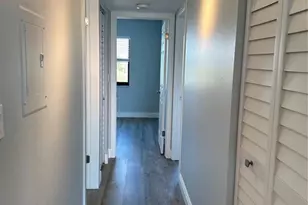 12500 Capri Cir N, Treasure Island, FL 33706 - Photo 21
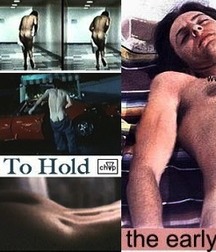 Rick Springfield - The Bad boy of Rock 5aab47b29b0e6.jpg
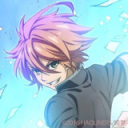 katoku8's avatar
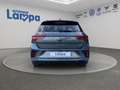 Volkswagen T-Roc R-Line 2.0 TDI DSG AHK, Easy Open, IQ-Light, Pano Gris - thumbnail 6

━━━━━━━━━━

**Activity:**
Print the whole listing exactly, please, and keep any images out of it.

**Response box:**
 12500 Capri Cir N, Treasure Island, FL 33706 - Photo 21
 Rick Springfield - The Bad boy of Rock 5aab47b29b0e6.jpg
 katoku8's avatar
 Volkswagen T-Roc R-Line 2.0 TDI DSG AHK, Easy Open, IQ-Light, Pano Gris - thumbnail 6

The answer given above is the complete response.